Information supplied START

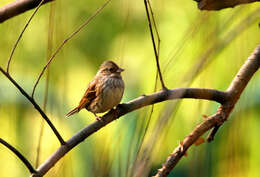 Image of Black-faced Bunting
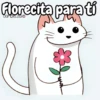 Flork michi gato pal'chat 🧦🐱 15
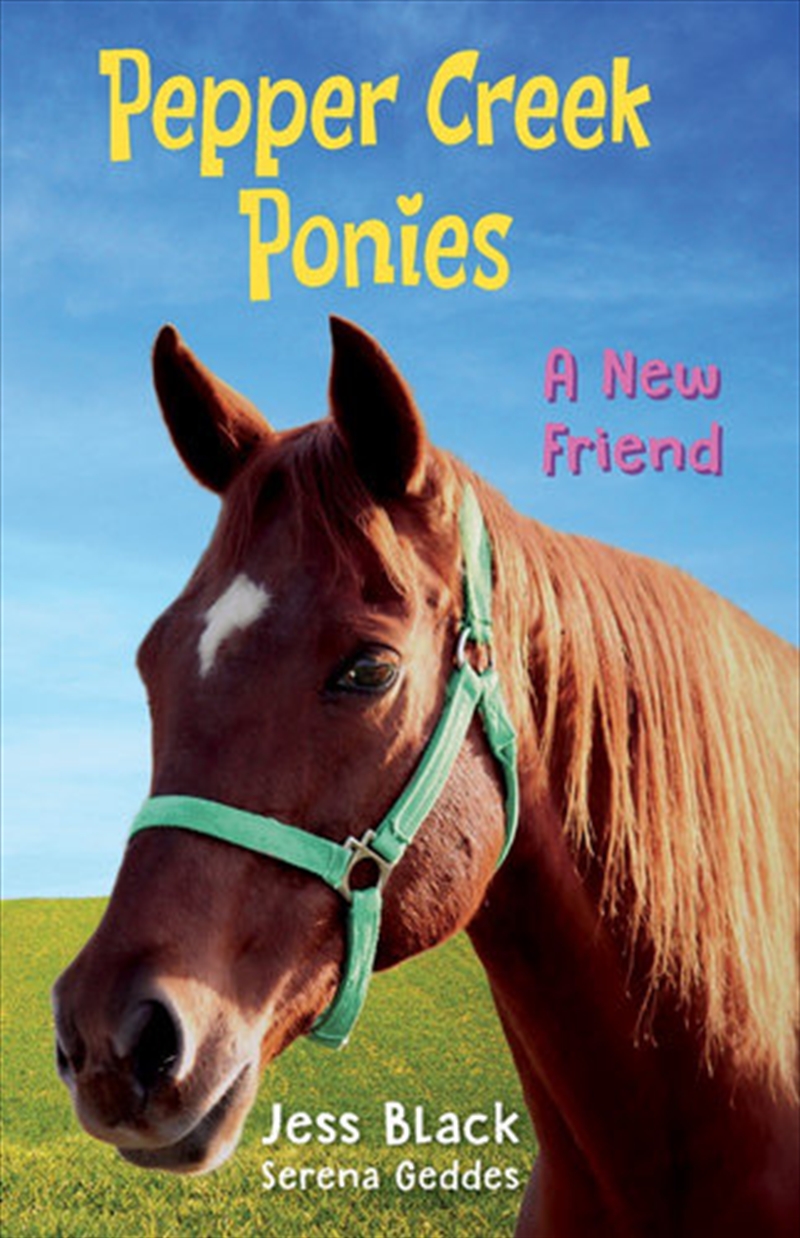 Pepper Creek Ponies #1: A New Friend/Product Detail/Childrens Fiction Books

Information supplied END

▶ **Problem**
Write out the data above exactly, minus any images.

▶ **Answer area**
 Image of Black-faced Bunting
 Flork michi gato pal'chat 🧦🐱 15
 Pepper Creek Ponies #1: A New Friend/Product Detail/Childrens Fiction Books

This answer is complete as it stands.